The female language manifests like a quiet tremor throughout two of the three books I’ve published in translation: Kodagina Gouramma’s Fate’s Game and Other Stories and Banu Mushtaq’s Heart Lamp: Selected Stories, which is currently shortlisted for the International Booker Prize 2025. Both are set in the interior worlds of women, although the stories couldn’t be more different from one another in terms of the social and religious identities of the writers, the community the women they wrote live in, even the time periods. Where Gouramma worked in the 1930s and died at just 27 when she was starting to build a writing career, Mushtaq’s stories are deeply informed by her decades of work in social movements and her career as a lawyer. The stories in Heart Lamp are selections from work published between 1990 and 2023.

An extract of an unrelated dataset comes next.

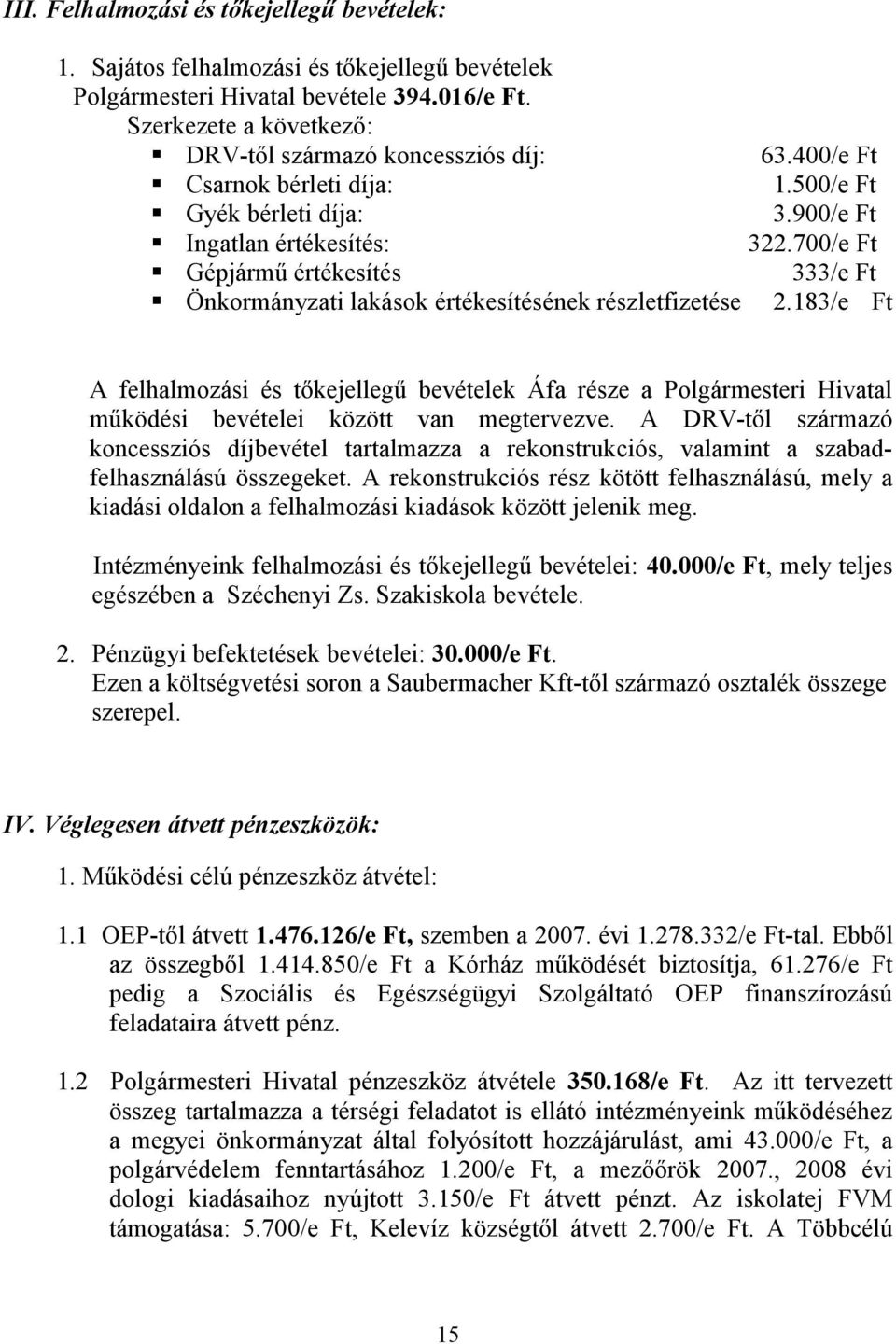 400/e Ft 1.500/e Ft 3.900/e Ft 322.700/e Ft 333/e Ft 2.183/e Ft A felhalmozási és tőkejellegű bevételek Áfa része a Polgármesteri Hivatal működési bevételei között van megtervezve.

Yet, one realises that all the women in each of these stories could, with minor changes, obviously, shift into the other’s world and still, to the reader, make absolute sense. This is, in fact, a damning treatise on how little the women’s position in a patriarchal society has changed, that even though they are over half a century apart, attempts to control and tame the female continue, just as women’s resistance and dissent and rage against these methods carry on as well.

In “Vani’s Puzzle”, perhaps the best known of Gouramma’s short stories, there is a strong female friendship between Indu, a young widow and Vani, a neighbour she befriends and the wife of the busy doctor she develops a crush on. The two women are often doing things together, keeping house, cooking, ironing the man’s shirts – one sees everything as annoying chores, the other, Indu, is house-proud, happy to potter about. Gestures, but mostly instinct, guide the way they adjust their friendship around the routine of the man. When two women, as close as they can be, speak, a lot is said, although not necessarily in words.

Likewise, in Mushtaq’s stories, what remains unsaid is often more than the thoughts, dialogues and instinctual reactions that make it to words on the page. Food – the making of, usually – features prominently in many of the stories in Heart Lamp, it is when women do their thinking, analysing, berating (usually men). Biriyani, parottas “as light as flowers,” watermelon, fried fish from the Kaka’s Hotel, a glass of milk from an old kitchen with a dirty, worn-out floor, chicken soup and the grand generosity of a packet of cheap biscuits bestowed on a poor person – these set the stories within the architecture of female-hood.

There is, however, little actual architecture in either Gouramma’s or Mushtaq’s stories, nothing much to orient the reader spatially, save for in a story here or a setting there. Perhaps this too is intentional, subconscious. For a woman rarely has ownership over her surroundings. In patriarchy, she first lives in her father’s house, then her husband’s, and if a lifetime of self-sacrifice brings her luck, ends her life at her son’s. What she owns is emotional weight, access to a life-giving sisterhood and her own interior landscape, none worth all that much, if patriarchy had its way.

As a translator, relaying these layers of the unspoken and the felt is immensely gratifying. It feels like love to convey just how complex, how nuanced, how exquisite a woman’s world is. Yet, it feels also like a betrayal, as if videotaping a secret handshake for the whole world to see.

Will men, even some women, understand better now? Do we want them to? What I do know is that us women, with our sense of humour, our resilience, our everyday dissent and the undeniable truth that we mostly get each other, these change living, breathing things like language all the time. When one has another language, one has another way to be in the world. Goodness knows that women need their own rooms in their own worlds. And perhaps that is the moral of the story.